Best Sushi Restaurants in the U.S.
The days of the California roll are numbered. Do you really want to eat a run-of-the-mill maki roll stuffed with flimsy strands of tasteless cucumber, dried-out imitation crab, and mushy avocado? Ordering one at any respectable sushi restaurant is like asking for buttered pasta at a four-star Italian restaurant.
Today, the American palate is more sophisticated than ever, and as a result, sushi’s popularity continues to soar. Ingredients once considered too hard to find are now commonplace at sushi restaurants from Manhattan to Minneapolis. Just one peek at the recent documentary Jiro Dreams of Sushi, which follows one of the most respected sushi masters, and it’s clear why diners love eating everything from raw clams to rice topped with precious caviar. Sushi is not only healthy, it’s also the cuisine of choice for Hollywood celebrities. Our selection of seafood has never been better.
But it wasn’t always this way, says Tim Zagat, who with his wife, Nina, founded the Zagat Restaurant Survey back in the 1980s. What was once considered exotic is now everyday fare for even young children. Zagat included the ratings of 34 Japanese restaurants across the country in 1990, but today there are 221 in that category.
“The idea of eating raw fish? Most people thought that would be a fraternity prank,” says Zagat. “Now there’s a sushi bar on every corner.”
At Brushstroke in New York City, chef David Bouley collaborated with the Tsuji Culinary Institute in Osaka, Japan, to create tasting menus that let diners experience a range of flavors. One moment you may take bites from a chirashi bowl, a mound of rice topped with shimmering pieces of sashimi, and the next you’ll dip a tender lobster tail into white miso sauce.
Our list of the best sushi restaurants includes a range of options. In Atlanta, the popular spot Tomo serves simple Japanese snapper with shiso and a squeeze of lemon, or for those who aren’t purists, a popular spicy scallop roll is a must order. Another favorite of ours includes Urasawa in Los Angeles, where the dining experience is equal parts theater and art.

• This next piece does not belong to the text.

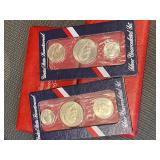 COINS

While the price tag can be steep to experience some of the country’s best sushi, as much as $500 for dinner, our list below is aimed at all budgets, with each experience worth the trip.
Soto, New York City
Soto remains under the radar among notable sushi restaurants in New York but is consistently ranked among the best by guidebooks like Zagat and Michelin. One reason is chef Sotohiro Kosugi. The menu features several varieties of sea urchin—all worth ordering. In the small, serene dining room the best views of Kosugi working his magic are best had from the bar. There’s also a menu of fine sakes—great for pairing with your kampachi tartare, diced bits of yellowtail fish, or thinly sliced Long Island fluke dusted with sea salt and a touch of yuzu zest.
357 Sixth Ave.; (212) 414-3088; sotonyc.com
Makoto, Washington, D.C.
Makoto means “harmony” in Japanese, and that may be the best description of the food at this well-known D.C. favorite. Ordering omakase in this quaint restaurant is the way to go here, as a procession of pageantry unfolds before you. A variety of fish, whether raw or flash grilled, is accompanied by courses ranging from silky layers of tofu topped with grated ginger to delicate vegetables lightly fried in a tempura batter. The dishes roll out at a steady pace, and while you can order à la carte, it’s best to let the chefs make the decisions.
4822 MacArthur Blvd. Northwest; (202) 298-6866; makotorestaurantdc.com
Urasawa, Los Angeles
An average bill for two people at Urasawa can easily top $1,000 with tip and tax, so it’s only natural that everyone asks, “Is it worth it?” Yes. The cooking at this tiny restaurant—which seats 10 people at a time—is personal and theatrical. Chef and owner Hiroyuki Urasawa flies in the freshest fish each day, so you can never predict which delicacies will roll out in front of you. A sliver of fatty toro, a rich cut of tuna, may arrive on a custom-carved ice pedestal, or a personal hot stone grill may appear before you as the catch of the day is quickly seared on both sides. Just be ready for the check.
218 North Rodeo Dr.; (310) 247-8939
Sushi Ota, San Diego
Tucked into a corner of a strip mall, Sushi Ota is a longtime favorite among locals. This bento box–size space is simply designed with clean lines. It’s a perfect backdrop to the menu, which features top-notch sashimi cut by a small brigade of chefs behind the counter. The variety of seafood, from monkfish liver to abalone, is also surprising for a small spot.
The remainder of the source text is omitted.